O presidente expressou sua indignação com a tragédia e questionou como alguém pode ter coragem de travar uma guerra sabendo que o resultado será a morte de crianças inocentes. Lula fez essas afirmações durante um evento no Palácio do Planalto, onde participava da instalação do Conselho da Federação.
Lula revelou também que estava prestes a ter uma conversa com o emir do Catar, Tamin bin al Thani, para discutir o conflito no Oriente Médio. O presidente afirmou que o objetivo dessa conversa era buscar uma solução para a libertação dos brasileiros que estão retidos na Faixa de Gaza, perto da fronteira com o Egito.
Cerca de 30 brasileiros aguardam resgate na Faixa de Gaza, porém, as autoridades locais estão em impasse sobre a abertura da fronteira com o Egito. Lula já havia conversado com líderes de vários países, como Israel, Autoridade Palestina, Egito, Irã, Turquia, França, Rússia e Emirados Árabes, na tentativa de mediar uma solução para o conflito.
O presidente ressaltou a gravidade da situação e defendeu a necessidade de ações imediatas. Segundo ele, não importa discutir quem está certo ou errado, pois o mais importante é buscar a libertação dos reféns e criar um corredor humanitário para enviar ajuda para os civis palestinos na Faixa de Gaza.
Os ataques entre Israel e Hamas já causaram milhares de mortes, ferimentos e desabrigados nos dois territórios. Estima-se que cerca de 1,4 milhão de pessoas foram deslocadas de suas casas em Gaza. Lula manifestou sua preocupação com a situação e afirmou que o Brasil está comprometido com a busca por uma solução pacífica e humanitária para o conflito.

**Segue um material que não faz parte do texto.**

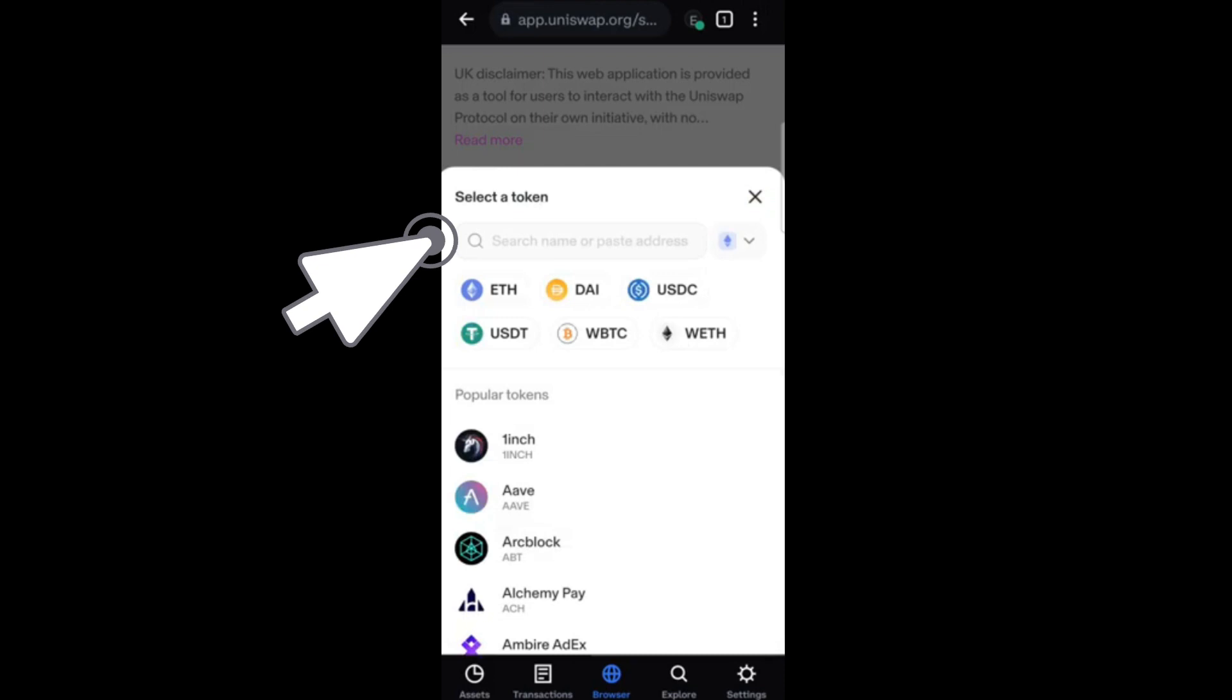Now, after that, you will be asked to approve the connection in your wallet. After authorization, your wallet will be linked. As easy as that.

O presidente também fez questão de reforçar a importância de agir com urgência para evitar mais mortes e sofrimento. Ele realizou diversas ligações para líderes internacionais, buscando apoio e mobilização em prol de uma solução para a crise no Oriente Médio.
No entanto, ainda há muitos obstáculos a serem enfrentados, como a falta de cooperação entre as partes envolvidas e as disputas geopolíticas. O envolvimento do Brasil e de outros países na mediação do conflito é fundamental para garantir a segurança e a proteção dos civis inocentes afetados por essa tragédia.